▸ Work task
Going down the data below, set down exactly the line with "Продам диски з резиною BMW r15 5*120" and each line after it through the line with "Флешка 16 гб usb 3.2 на гарантии еще 4 года"; no other lines.

▸ Data records
┄┄┄┄┄┄┄┄┄┄┄┄┄┄┄┄┄┄┄┄
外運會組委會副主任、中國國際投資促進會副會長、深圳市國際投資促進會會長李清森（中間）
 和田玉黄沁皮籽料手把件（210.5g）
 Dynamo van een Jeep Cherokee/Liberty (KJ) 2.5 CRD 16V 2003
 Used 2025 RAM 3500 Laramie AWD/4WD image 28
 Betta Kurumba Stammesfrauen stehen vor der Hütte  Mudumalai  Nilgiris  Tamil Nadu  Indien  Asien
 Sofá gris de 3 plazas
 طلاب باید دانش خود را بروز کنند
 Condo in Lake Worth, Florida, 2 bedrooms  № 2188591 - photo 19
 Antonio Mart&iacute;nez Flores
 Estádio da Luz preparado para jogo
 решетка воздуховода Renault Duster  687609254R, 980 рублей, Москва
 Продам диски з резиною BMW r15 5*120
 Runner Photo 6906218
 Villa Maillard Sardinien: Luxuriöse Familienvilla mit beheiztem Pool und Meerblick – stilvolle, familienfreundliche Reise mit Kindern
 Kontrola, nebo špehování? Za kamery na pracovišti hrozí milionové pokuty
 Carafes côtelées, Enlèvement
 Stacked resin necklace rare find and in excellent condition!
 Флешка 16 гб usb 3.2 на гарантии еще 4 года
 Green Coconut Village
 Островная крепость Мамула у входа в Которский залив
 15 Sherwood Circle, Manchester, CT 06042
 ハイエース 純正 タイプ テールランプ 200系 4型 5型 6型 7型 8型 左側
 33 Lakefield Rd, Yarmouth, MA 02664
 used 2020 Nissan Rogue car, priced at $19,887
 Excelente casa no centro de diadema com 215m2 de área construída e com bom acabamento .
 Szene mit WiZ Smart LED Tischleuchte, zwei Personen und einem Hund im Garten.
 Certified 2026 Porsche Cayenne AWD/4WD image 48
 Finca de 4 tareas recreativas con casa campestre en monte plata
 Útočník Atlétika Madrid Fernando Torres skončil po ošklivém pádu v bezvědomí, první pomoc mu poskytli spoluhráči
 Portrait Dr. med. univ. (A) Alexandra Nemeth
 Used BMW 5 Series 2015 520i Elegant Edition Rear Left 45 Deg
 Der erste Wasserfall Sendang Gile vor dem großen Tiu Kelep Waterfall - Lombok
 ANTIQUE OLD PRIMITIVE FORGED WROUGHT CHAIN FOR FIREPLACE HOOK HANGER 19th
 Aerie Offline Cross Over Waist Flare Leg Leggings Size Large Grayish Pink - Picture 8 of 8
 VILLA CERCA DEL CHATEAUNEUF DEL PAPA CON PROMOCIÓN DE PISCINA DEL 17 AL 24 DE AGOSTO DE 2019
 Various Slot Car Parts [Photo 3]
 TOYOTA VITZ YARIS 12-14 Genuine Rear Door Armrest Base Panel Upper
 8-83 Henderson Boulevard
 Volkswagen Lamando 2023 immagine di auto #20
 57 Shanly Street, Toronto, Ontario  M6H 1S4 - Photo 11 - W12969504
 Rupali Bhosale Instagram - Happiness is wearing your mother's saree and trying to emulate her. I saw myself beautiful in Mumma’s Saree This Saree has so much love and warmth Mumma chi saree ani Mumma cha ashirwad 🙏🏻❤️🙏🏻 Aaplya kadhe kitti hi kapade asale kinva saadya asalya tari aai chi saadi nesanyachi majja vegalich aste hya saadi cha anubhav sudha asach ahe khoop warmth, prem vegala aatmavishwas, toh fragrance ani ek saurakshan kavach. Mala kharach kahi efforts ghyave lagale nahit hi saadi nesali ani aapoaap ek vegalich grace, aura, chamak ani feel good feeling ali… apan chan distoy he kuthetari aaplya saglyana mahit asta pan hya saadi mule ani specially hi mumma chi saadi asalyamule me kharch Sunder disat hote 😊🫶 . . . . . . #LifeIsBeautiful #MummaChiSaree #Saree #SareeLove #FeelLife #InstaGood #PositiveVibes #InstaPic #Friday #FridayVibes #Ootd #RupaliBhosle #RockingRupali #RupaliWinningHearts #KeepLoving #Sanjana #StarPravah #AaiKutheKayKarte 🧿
┄┄┄┄┄┄┄┄┄┄┄┄┄┄┄┄┄┄┄┄
▸ Answer to this problem
 Продам диски з резиною BMW r15 5*120
 Runner Photo 6906218
 Villa Maillard Sardinien: Luxuriöse Familienvilla mit beheiztem Pool und Meerblick – stilvolle, familienfreundliche Reise mit Kindern
 Kontrola, nebo špehování? Za kamery na pracovišti hrozí milionové pokuty
 Carafes côtelées, Enlèvement
 Stacked resin necklace rare find and in excellent condition!
 Флешка 16 гб usb 3.2 на гарантии еще 4 года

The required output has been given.